#### Problem details:
The material below holds pictures; leave them out and reproduce exactly the lines from the one with "Big Country Raw" through the one with "MOON Organic C Shaped Maternity Pillow- Grey", inclusive.

Top of Provided entries

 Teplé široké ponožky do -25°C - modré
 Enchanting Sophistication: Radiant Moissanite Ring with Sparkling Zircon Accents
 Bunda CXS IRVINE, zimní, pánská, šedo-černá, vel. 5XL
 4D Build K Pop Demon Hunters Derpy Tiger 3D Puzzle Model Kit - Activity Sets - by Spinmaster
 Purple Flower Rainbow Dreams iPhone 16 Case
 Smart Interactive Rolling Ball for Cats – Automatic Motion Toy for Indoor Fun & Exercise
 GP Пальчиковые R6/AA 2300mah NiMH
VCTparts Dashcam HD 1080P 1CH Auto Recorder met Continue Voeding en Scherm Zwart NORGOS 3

Bottom of Provided entries
Top of Provided entries

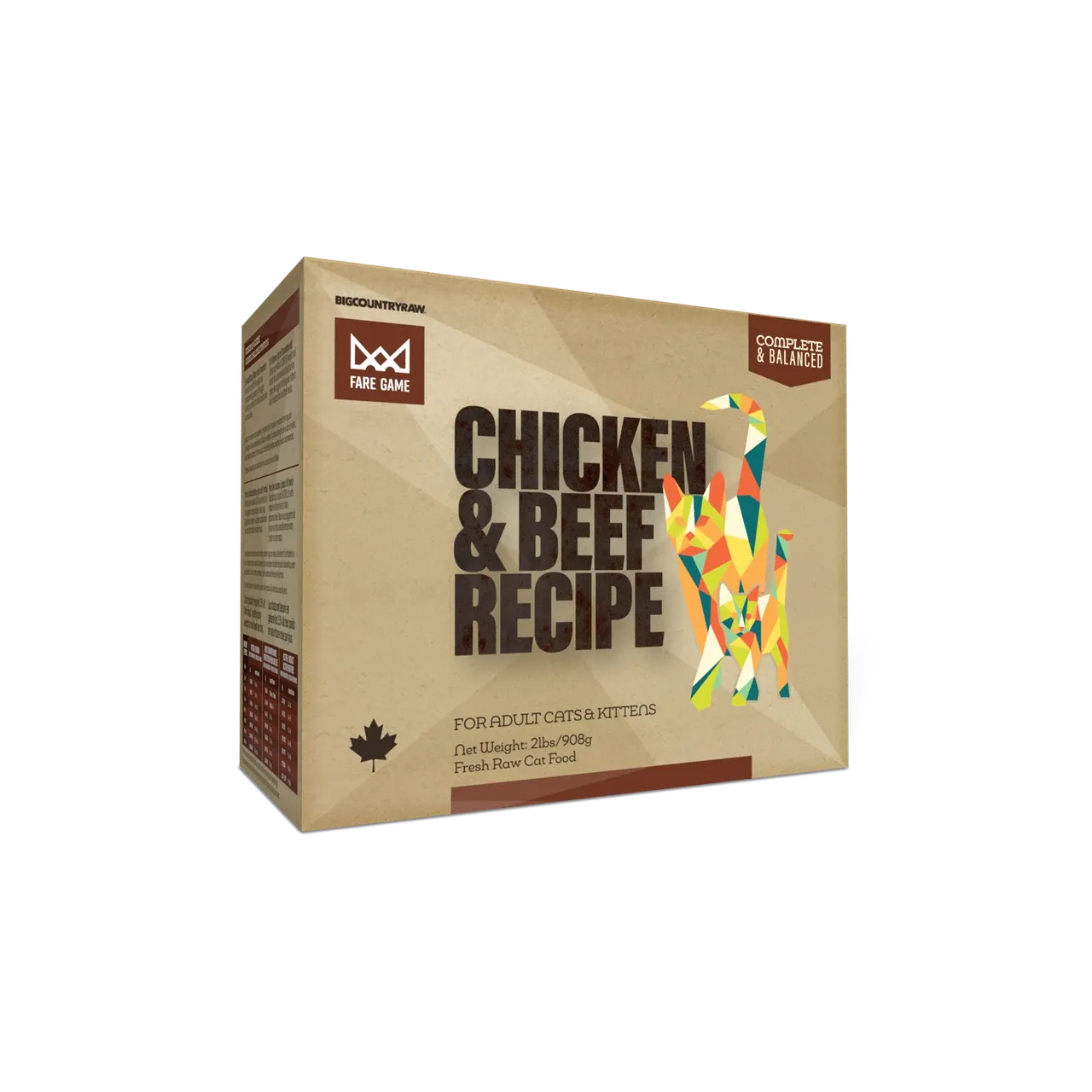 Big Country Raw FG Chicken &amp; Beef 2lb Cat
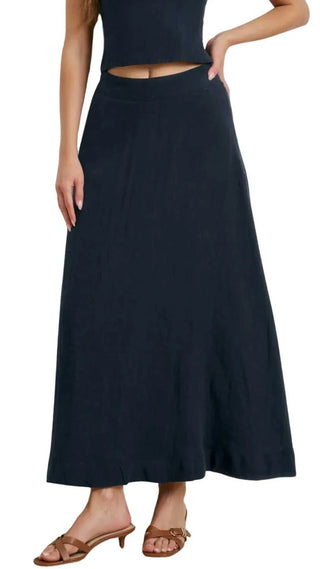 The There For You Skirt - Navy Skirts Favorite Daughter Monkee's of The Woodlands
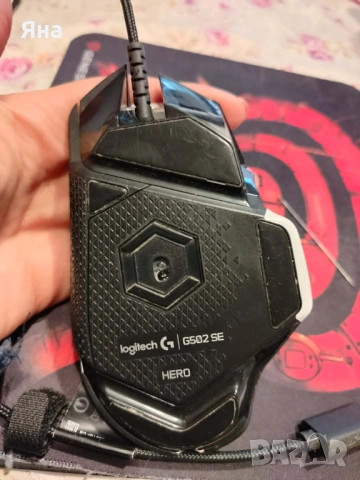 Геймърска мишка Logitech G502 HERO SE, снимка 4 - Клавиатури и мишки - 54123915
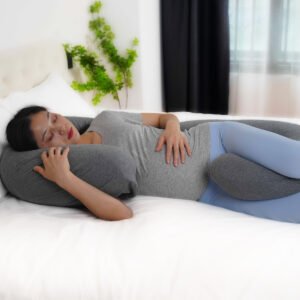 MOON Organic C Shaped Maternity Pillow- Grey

Bottom of Provided entries
Top of Provided entries

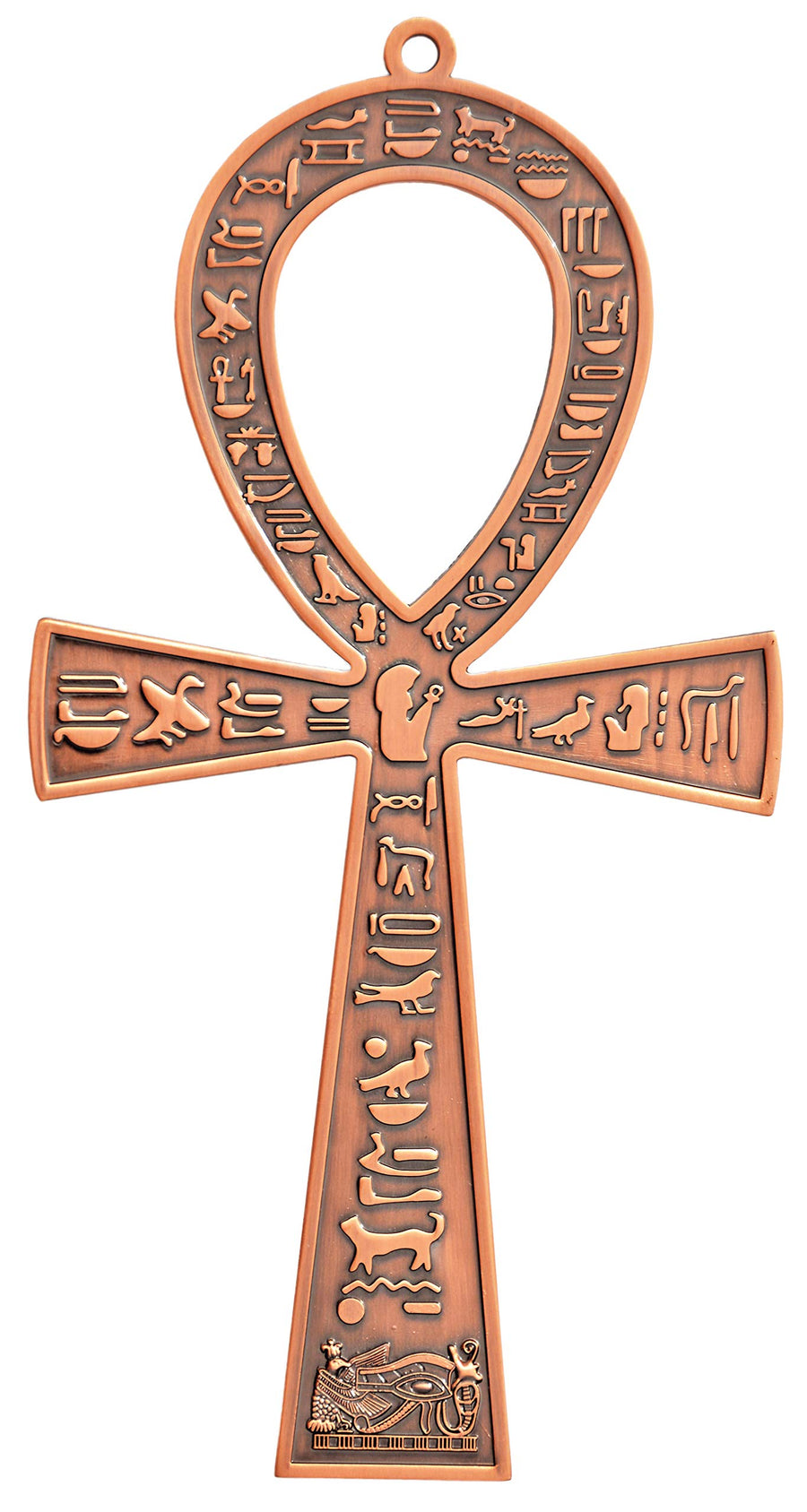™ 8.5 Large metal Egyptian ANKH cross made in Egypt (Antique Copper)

Bottom of Provided entries

#### Solution below:
 Big Country Raw FG Chicken &amp; Beef 2lb Cat
 The There For You Skirt - Navy Skirts Favorite Daughter Monkee's of The Woodlands
 Геймърска мишка Logitech G502 HERO SE, снимка 4 - Клавиатури и мишки - 54123915
 MOON Organic C Shaped Maternity Pillow- Grey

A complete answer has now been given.